Aim of the exercise:
Please take the records that follow and repeat exactly the lines starting with the line with "Juniper Textured Sweater in Grey" and going on through the line with "Животное-прыгун Жирафик, жёлтый, 1350".

[Record extracts Boundary: Start]

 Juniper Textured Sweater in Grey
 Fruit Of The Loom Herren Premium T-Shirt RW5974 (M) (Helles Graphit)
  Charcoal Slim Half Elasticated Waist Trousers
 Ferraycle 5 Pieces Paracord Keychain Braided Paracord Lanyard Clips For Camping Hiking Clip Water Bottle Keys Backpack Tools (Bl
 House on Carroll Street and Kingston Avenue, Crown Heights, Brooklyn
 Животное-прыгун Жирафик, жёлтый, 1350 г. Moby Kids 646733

[Record extracts Boundary: End]
[Record extracts Boundary: Start]

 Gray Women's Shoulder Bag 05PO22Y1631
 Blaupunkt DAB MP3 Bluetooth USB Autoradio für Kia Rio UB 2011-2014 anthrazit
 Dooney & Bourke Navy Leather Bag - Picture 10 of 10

[Record extracts Boundary: End]
[Record extracts Boundary: Start]

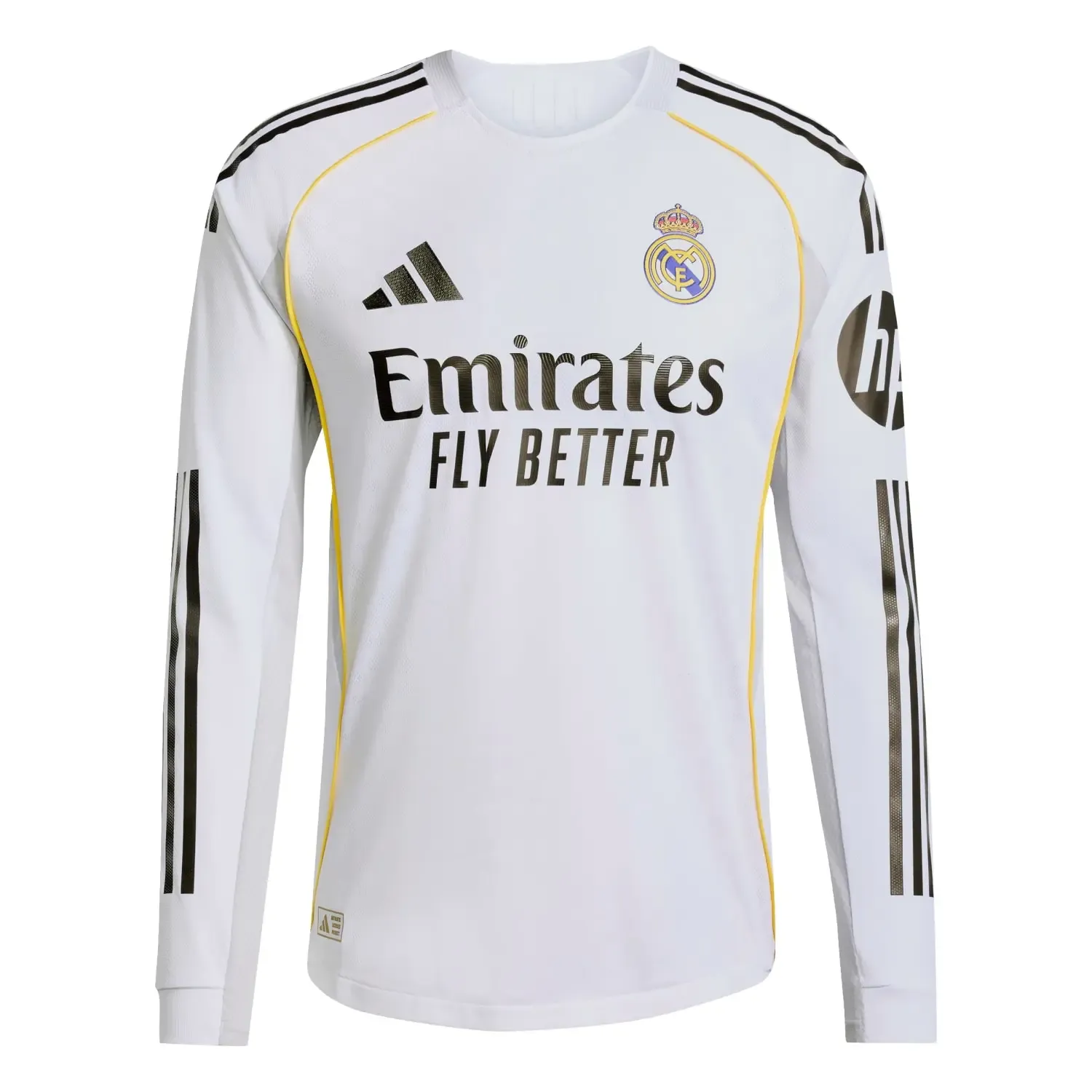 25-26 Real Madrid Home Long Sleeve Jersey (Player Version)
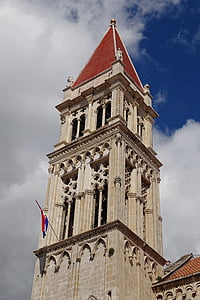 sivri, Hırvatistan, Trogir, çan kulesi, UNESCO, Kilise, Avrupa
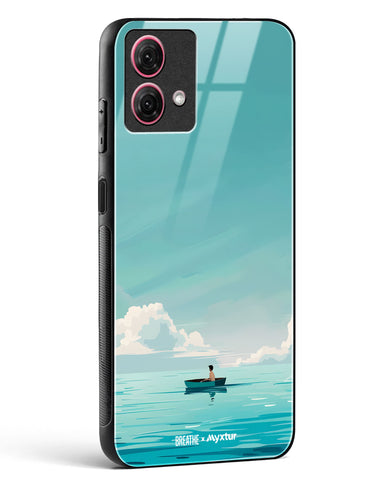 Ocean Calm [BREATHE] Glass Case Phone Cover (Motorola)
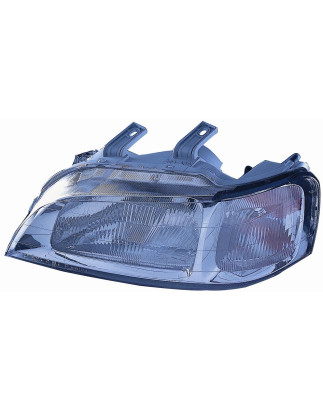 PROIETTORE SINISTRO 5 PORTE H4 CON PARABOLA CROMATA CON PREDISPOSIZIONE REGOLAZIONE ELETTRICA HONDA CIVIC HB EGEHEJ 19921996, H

[Record extracts Boundary: End]

Written response:
 Juniper Textured Sweater in Grey
 Fruit Of The Loom Herren Premium T-Shirt RW5974 (M) (Helles Graphit)
  Charcoal Slim Half Elasticated Waist Trousers
 Ferraycle 5 Pieces Paracord Keychain Braided Paracord Lanyard Clips For Camping Hiking Clip Water Bottle Keys Backpack Tools (Bl
 House on Carroll Street and Kingston Avenue, Crown Heights, Brooklyn
 Животное-прыгун Жирафик, жёлтый, 1350 г. Moby Kids 646733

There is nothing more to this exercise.